▶ _Captioned web images_:
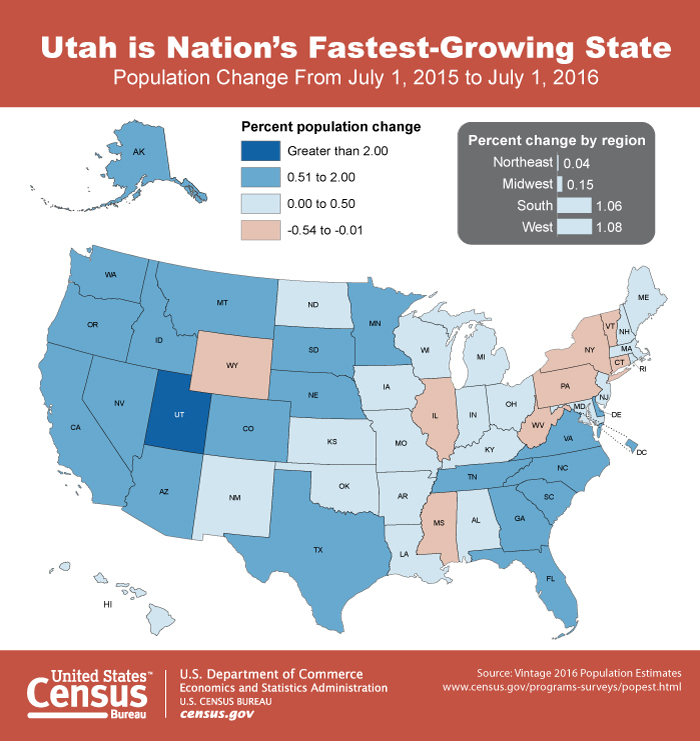 Southern Utah mirrors state’s rising trend in population growth Cedar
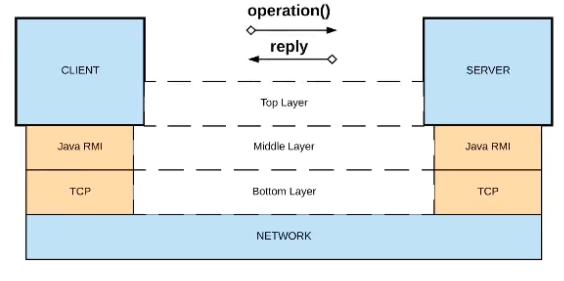 MuleSoft Latest MCPA-Level-1 Braindumps | MCPA-Level-1 Valid Dumps Questions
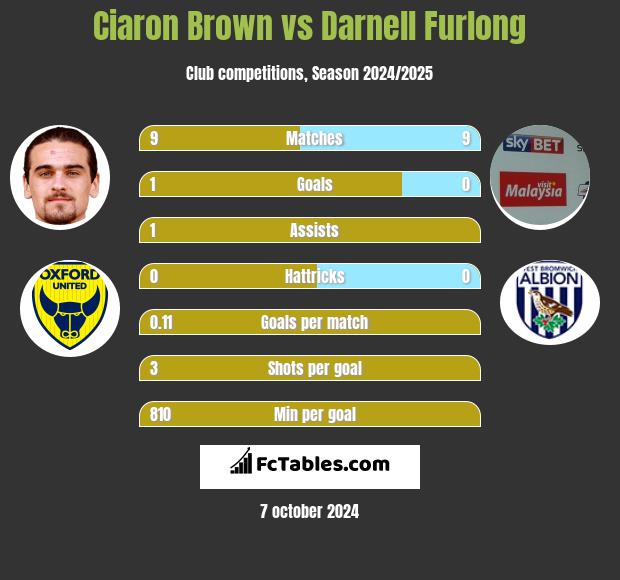 Ciaron Brown vs Darnell Furlong h2h player stats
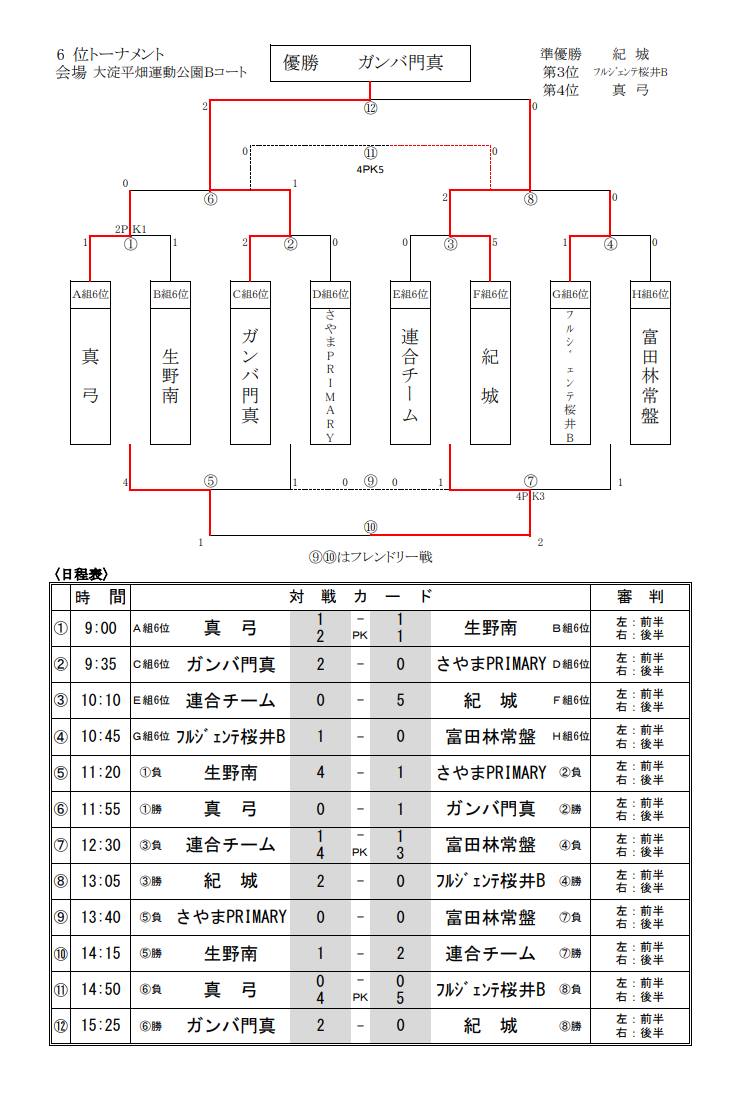 年度 第3回カマラーダフェスティバル U 12 奈良県 優勝はディアブロッサ高田fc A ジュニアサッカーnews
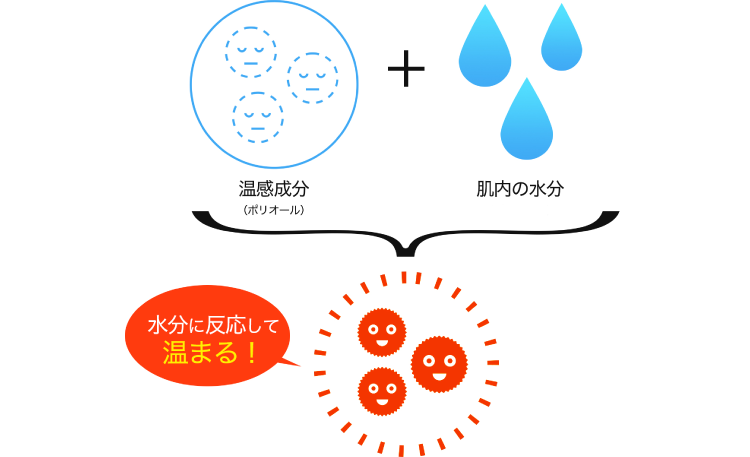 水分に反応して温まる！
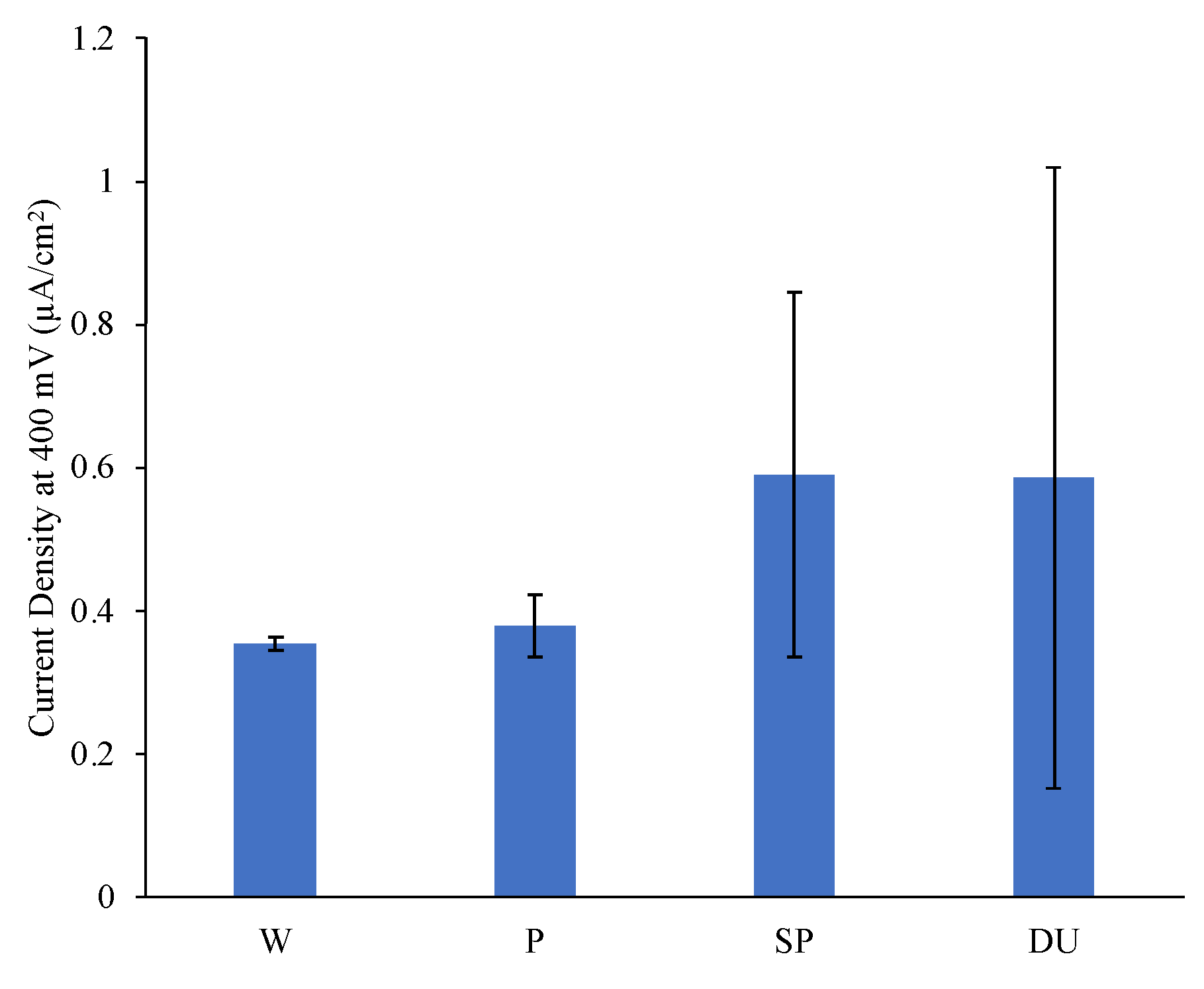 Materials 16 02098 g010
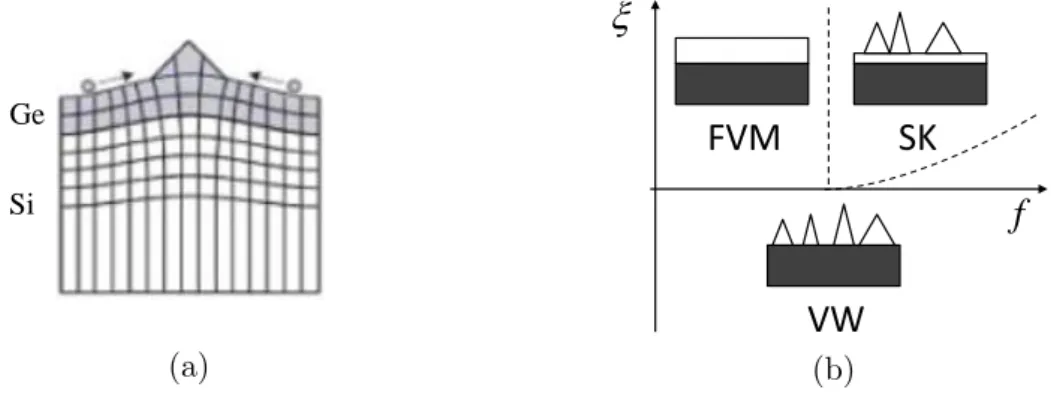Figure 1.6: (a) Elastic relaxation with islands in the epilayer. (b) Bauer classification scheme as a function of the adhesion coefficient ξ and lattice mismatch f 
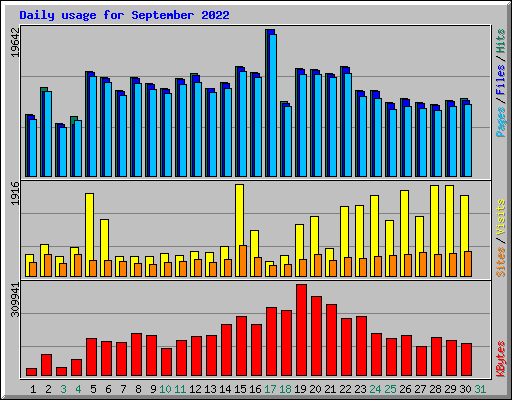 Daily usage for September 2022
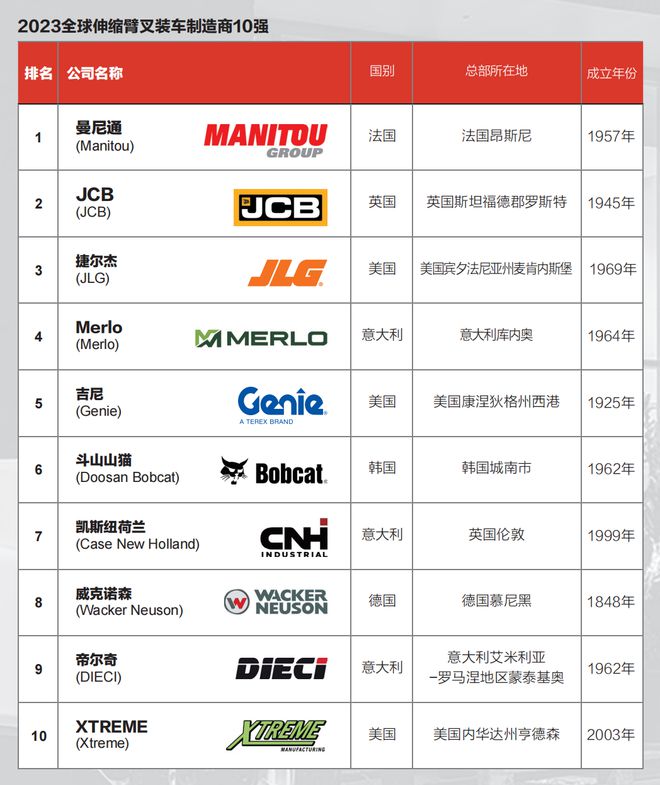 2023全球伸缩臂叉装车制造商10强(图1) 2023全球伸缩臂叉装车制造商10强(图1)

▶ _Brief_:
Please transcribe exactly the lines from the one containing "年度 第3回カマラーダフェスティバル U" through the final line of the data, including both, and nothing else. Pictures are to be left out.

▶ _Response area_:
 年度 第3回カマラーダフェスティバル U 12 奈良県 優勝はディアブロッサ高田fc A ジュニアサッカーnews
 水分に反応して温まる！
 Materials 16 02098 g010
Figure 1.6: (a) Elastic relaxation with islands in the epilayer. (b) Bauer classification scheme as a function of the adhesion coefficient ξ and lattice mismatch f 
 Daily usage for September 2022
 2023全球伸缩臂叉装车制造商10强(图1) 2023全球伸缩臂叉装车制造商10强(图1)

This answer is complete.